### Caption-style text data
= = =

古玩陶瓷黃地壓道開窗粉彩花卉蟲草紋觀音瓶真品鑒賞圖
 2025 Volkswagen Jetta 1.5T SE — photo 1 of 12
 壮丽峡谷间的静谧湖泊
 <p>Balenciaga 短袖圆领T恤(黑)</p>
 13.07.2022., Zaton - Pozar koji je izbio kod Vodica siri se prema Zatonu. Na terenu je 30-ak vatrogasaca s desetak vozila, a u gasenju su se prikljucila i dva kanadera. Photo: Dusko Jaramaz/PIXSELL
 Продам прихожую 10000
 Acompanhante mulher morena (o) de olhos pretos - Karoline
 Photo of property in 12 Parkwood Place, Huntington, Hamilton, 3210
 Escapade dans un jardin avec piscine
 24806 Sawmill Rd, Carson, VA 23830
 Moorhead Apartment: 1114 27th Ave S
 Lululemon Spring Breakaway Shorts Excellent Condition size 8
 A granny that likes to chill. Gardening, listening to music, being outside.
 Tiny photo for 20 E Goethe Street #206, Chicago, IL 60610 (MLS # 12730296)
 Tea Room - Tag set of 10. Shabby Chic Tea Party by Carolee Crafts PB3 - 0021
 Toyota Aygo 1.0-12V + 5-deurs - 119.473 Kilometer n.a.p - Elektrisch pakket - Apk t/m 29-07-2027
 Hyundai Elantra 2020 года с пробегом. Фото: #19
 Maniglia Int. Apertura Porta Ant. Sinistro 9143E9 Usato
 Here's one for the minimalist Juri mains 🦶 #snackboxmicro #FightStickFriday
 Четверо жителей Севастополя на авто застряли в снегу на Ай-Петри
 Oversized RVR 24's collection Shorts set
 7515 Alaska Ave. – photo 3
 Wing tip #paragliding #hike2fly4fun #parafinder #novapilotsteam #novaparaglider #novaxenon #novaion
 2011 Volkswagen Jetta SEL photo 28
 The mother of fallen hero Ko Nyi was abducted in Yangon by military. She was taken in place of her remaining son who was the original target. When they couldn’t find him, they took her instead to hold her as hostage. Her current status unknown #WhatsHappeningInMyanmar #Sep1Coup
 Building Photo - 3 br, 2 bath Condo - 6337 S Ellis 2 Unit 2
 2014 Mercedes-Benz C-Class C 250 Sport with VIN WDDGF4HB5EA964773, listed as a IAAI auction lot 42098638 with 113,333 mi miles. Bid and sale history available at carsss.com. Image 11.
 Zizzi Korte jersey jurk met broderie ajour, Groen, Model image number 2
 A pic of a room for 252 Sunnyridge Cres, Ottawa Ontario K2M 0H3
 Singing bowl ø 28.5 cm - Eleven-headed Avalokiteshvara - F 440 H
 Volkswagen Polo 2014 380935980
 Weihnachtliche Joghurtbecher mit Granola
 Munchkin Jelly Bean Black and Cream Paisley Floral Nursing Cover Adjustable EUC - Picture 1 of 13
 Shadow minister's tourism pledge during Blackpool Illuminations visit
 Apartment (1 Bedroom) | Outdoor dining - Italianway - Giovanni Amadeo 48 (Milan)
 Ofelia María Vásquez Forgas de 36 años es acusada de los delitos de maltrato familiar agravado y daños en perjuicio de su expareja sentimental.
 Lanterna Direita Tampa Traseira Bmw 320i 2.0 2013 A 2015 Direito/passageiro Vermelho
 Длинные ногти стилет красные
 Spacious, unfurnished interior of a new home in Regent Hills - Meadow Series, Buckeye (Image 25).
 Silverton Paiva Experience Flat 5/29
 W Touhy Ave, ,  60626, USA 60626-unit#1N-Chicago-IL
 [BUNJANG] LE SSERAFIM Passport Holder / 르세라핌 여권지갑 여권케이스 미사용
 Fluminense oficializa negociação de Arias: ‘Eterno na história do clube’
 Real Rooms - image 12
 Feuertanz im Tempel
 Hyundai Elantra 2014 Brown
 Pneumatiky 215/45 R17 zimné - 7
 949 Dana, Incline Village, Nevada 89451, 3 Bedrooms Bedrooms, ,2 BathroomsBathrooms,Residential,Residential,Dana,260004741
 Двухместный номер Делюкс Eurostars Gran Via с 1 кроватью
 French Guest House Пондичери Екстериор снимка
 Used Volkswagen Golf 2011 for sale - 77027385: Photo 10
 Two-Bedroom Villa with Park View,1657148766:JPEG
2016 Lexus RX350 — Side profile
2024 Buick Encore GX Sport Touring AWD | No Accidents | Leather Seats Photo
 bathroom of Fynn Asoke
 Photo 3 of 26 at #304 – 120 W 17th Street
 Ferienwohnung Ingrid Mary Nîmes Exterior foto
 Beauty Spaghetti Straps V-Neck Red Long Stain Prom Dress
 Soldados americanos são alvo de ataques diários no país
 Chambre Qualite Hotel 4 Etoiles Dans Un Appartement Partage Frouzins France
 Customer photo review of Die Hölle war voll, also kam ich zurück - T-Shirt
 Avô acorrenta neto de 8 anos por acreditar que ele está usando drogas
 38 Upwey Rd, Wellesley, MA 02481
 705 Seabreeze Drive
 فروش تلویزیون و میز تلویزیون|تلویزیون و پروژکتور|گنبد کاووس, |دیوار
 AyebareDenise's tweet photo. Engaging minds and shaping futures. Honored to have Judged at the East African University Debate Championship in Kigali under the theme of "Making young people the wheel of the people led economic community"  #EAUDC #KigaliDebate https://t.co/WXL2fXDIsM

= = =

Every record above must be set down again, word for word.

### Task response
古玩陶瓷黃地壓道開窗粉彩花卉蟲草紋觀音瓶真品鑒賞圖
 2025 Volkswagen Jetta 1.5T SE — photo 1 of 12
 壮丽峡谷间的静谧湖泊
 <p>Balenciaga 短袖圆领T恤(黑)</p>
 13.07.2022., Zaton - Pozar koji je izbio kod Vodica siri se prema Zatonu. Na terenu je 30-ak vatrogasaca s desetak vozila, a u gasenju su se prikljucila i dva kanadera. Photo: Dusko Jaramaz/PIXSELL
 Продам прихожую 10000
 Acompanhante mulher morena (o) de olhos pretos - Karoline
 Photo of property in 12 Parkwood Place, Huntington, Hamilton, 3210
 Escapade dans un jardin avec piscine
 24806 Sawmill Rd, Carson, VA 23830
 Moorhead Apartment: 1114 27th Ave S
 Lululemon Spring Breakaway Shorts Excellent Condition size 8
 A granny that likes to chill. Gardening, listening to music, being outside.
 Tiny photo for 20 E Goethe Street #206, Chicago, IL 60610 (MLS # 12730296)
 Tea Room - Tag set of 10. Shabby Chic Tea Party by Carolee Crafts PB3 - 0021
 Toyota Aygo 1.0-12V + 5-deurs - 119.473 Kilometer n.a.p - Elektrisch pakket - Apk t/m 29-07-2027
 Hyundai Elantra 2020 года с пробегом. Фото: #19
 Maniglia Int. Apertura Porta Ant. Sinistro 9143E9 Usato
 Here's one for the minimalist Juri mains 🦶 #snackboxmicro #FightStickFriday
 Четверо жителей Севастополя на авто застряли в снегу на Ай-Петри
 Oversized RVR 24's collection Shorts set
 7515 Alaska Ave. – photo 3
 Wing tip #paragliding #hike2fly4fun #parafinder #novapilotsteam #novaparaglider #novaxenon #novaion
 2011 Volkswagen Jetta SEL photo 28
 The mother of fallen hero Ko Nyi was abducted in Yangon by military. She was taken in place of her remaining son who was the original target. When they couldn’t find him, they took her instead to hold her as hostage. Her current status unknown #WhatsHappeningInMyanmar #Sep1Coup
 Building Photo - 3 br, 2 bath Condo - 6337 S Ellis 2 Unit 2
 2014 Mercedes-Benz C-Class C 250 Sport with VIN WDDGF4HB5EA964773, listed as a IAAI auction lot 42098638 with 113,333 mi miles. Bid and sale history available at carsss.com. Image 11.
 Zizzi Korte jersey jurk met broderie ajour, Groen, Model image number 2
 A pic of a room for 252 Sunnyridge Cres, Ottawa Ontario K2M 0H3
 Singing bowl ø 28.5 cm - Eleven-headed Avalokiteshvara - F 440 H
 Volkswagen Polo 2014 380935980
 Weihnachtliche Joghurtbecher mit Granola
 Munchkin Jelly Bean Black and Cream Paisley Floral Nursing Cover Adjustable EUC - Picture 1 of 13
 Shadow minister's tourism pledge during Blackpool Illuminations visit
 Apartment (1 Bedroom) | Outdoor dining - Italianway - Giovanni Amadeo 48 (Milan)
 Ofelia María Vásquez Forgas de 36 años es acusada de los delitos de maltrato familiar agravado y daños en perjuicio de su expareja sentimental.
 Lanterna Direita Tampa Traseira Bmw 320i 2.0 2013 A 2015 Direito/passageiro Vermelho
 Длинные ногти стилет красные
 Spacious, unfurnished interior of a new home in Regent Hills - Meadow Series, Buckeye (Image 25).
 Silverton Paiva Experience Flat 5/29
 W Touhy Ave, ,  60626, USA 60626-unit#1N-Chicago-IL
 [BUNJANG] LE SSERAFIM Passport Holder / 르세라핌 여권지갑 여권케이스 미사용
 Fluminense oficializa negociação de Arias: ‘Eterno na história do clube’
 Real Rooms - image 12
 Feuertanz im Tempel
 Hyundai Elantra 2014 Brown
 Pneumatiky 215/45 R17 zimné - 7
 949 Dana, Incline Village, Nevada 89451, 3 Bedrooms Bedrooms, ,2 BathroomsBathrooms,Residential,Residential,Dana,260004741
 Двухместный номер Делюкс Eurostars Gran Via с 1 кроватью
 French Guest House Пондичери Екстериор снимка
 Used Volkswagen Golf 2011 for sale - 77027385: Photo 10
 Two-Bedroom Villa with Park View,1657148766:JPEG
2016 Lexus RX350 — Side profile
2024 Buick Encore GX Sport Touring AWD | No Accidents | Leather Seats Photo
 bathroom of Fynn Asoke
 Photo 3 of 26 at #304 – 120 W 17th Street
 Ferienwohnung Ingrid Mary Nîmes Exterior foto
 Beauty Spaghetti Straps V-Neck Red Long Stain Prom Dress
 Soldados americanos são alvo de ataques diários no país
 Chambre Qualite Hotel 4 Etoiles Dans Un Appartement Partage Frouzins France
 Customer photo review of Die Hölle war voll, also kam ich zurück - T-Shirt
 Avô acorrenta neto de 8 anos por acreditar que ele está usando drogas
 38 Upwey Rd, Wellesley, MA 02481
 705 Seabreeze Drive
 فروش تلویزیون و میز تلویزیون|تلویزیون و پروژکتور|گنبد کاووس, |دیوار
 AyebareDenise's tweet photo. Engaging minds and shaping futures. Honored to have Judged at the East African University Debate Championship in Kigali under the theme of "Making young people the wheel of the people led economic community"  #EAUDC #KigaliDebate https://t.co/WXL2fXDIsM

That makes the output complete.